The growing popularity of socially responsible investment (SRI) can largely be attributed to investor demand, according to the report, resulting from a change in retail investor priorities as well as the stated mission and social purpose of institutional investors. A recent Eaton Vance study of 1000 financial advisors showed that about 80% of investors now ask for sustainable and responsible investment options. The entry of several large mainstream investment firms (e.g., Blackrock, Oppenheimer) has further validated the SRI approach in the eyes of conventional investors, while online platforms offering ESG options and the proliferation of ESG ratings systems for funds have increased investor awareness of and interest in this approach.

Many environmental and social issues—from climate change and Indigenous land rights to gun violence and racial and gender discrimination—have spurred public campaigns to move money from objectionable to ethically tenable options, particular in light of the governing Republican opposition to measures and regulations that address these issues.

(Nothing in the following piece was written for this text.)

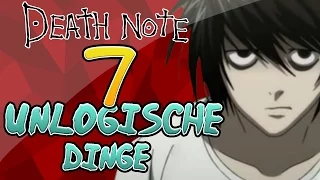 7 Unlogische Dinge in Death Note! | SerienReviewer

Climate change, for example, is currently the leading ESG issue for money managers. Many have established fossil-fuel-free investment policies and filed nearly 300 shareholder resolutions that ask companies to acknowledge and report on the business risks of climate change. Other shareholder engagements, which include more than 1000 dialogues with corporate managers and over 700 ESG-related resolutions in 2018 focus on political contributions disclosure, tobacco, gun and weapons manufacturing, human rights in conflict minerals countries, alcohol, corruption, and governance (including the rights of shareholders to nominate directors to corporate boards and place such candidates on proxy ballots, a policy now in practice with 65% of S&P 500 companies). Money managers also report that nearly $2 trillion of assets under management now have restrictions on investments in weapons, a nearly five-fold increase from 2016.